▶ [WHAT IS EXPECTED] How do the lines read from the one holding "1541 Harbin Road" through the last line of the listing? Set them down exactly, pictures omitted.

▶ [GIVEN MATERIAL]
+ + + + + + +

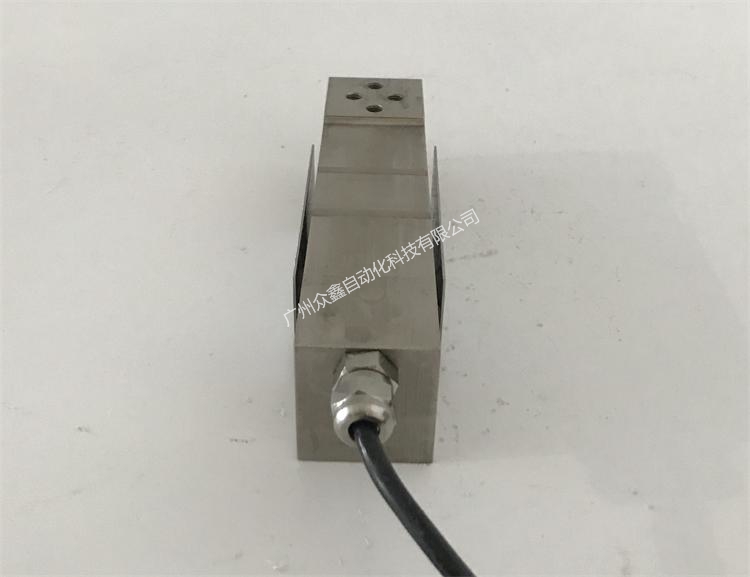 ZEMIC称重传感器 H6E称重传感器实拍图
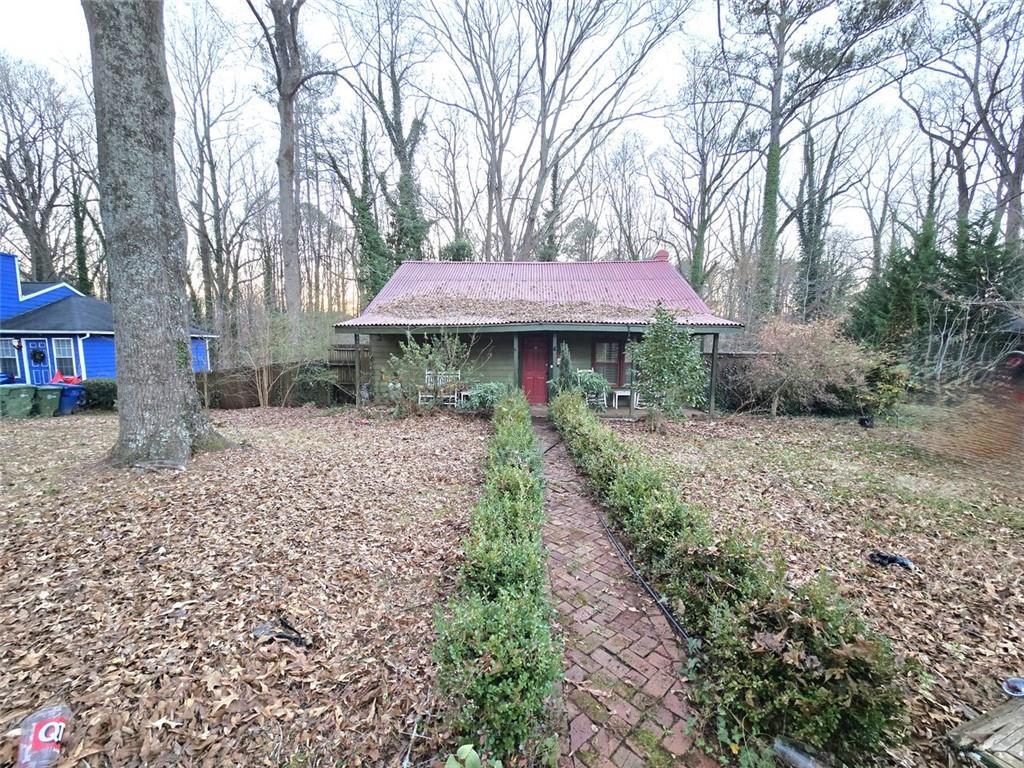 Property Photo:  1541 Harbin Road SW  GA 30311 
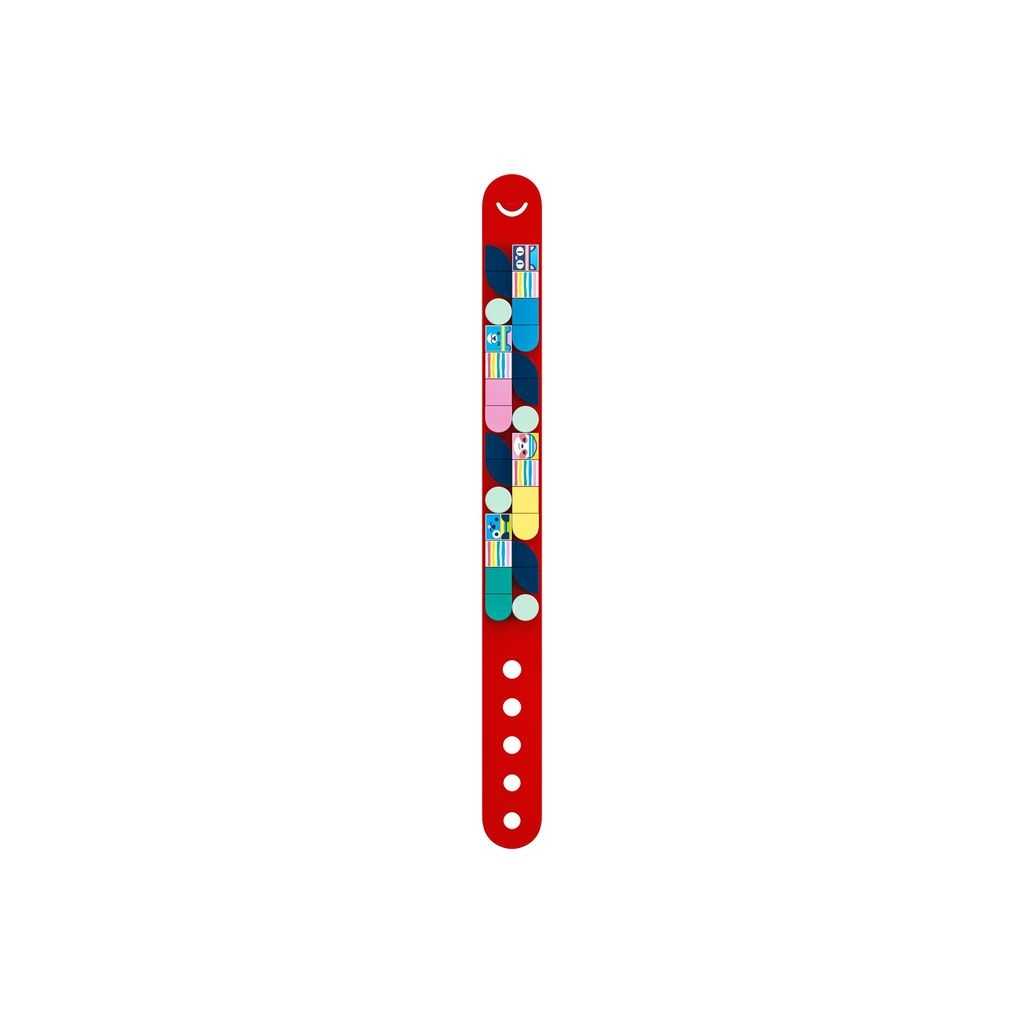 DOTS Lego Pulsera con Amuletos Arcoíris Edades 6+ # 41953 Artículo 37 Piezas | WRO-934756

+ + + + + + +

▶ [PROBLEM SOLUTION]
 Property Photo:  1541 Harbin Road SW  GA 30311 
 DOTS Lego Pulsera con Amuletos Arcoíris Edades 6+ # 41953 Artículo 37 Piezas | WRO-934756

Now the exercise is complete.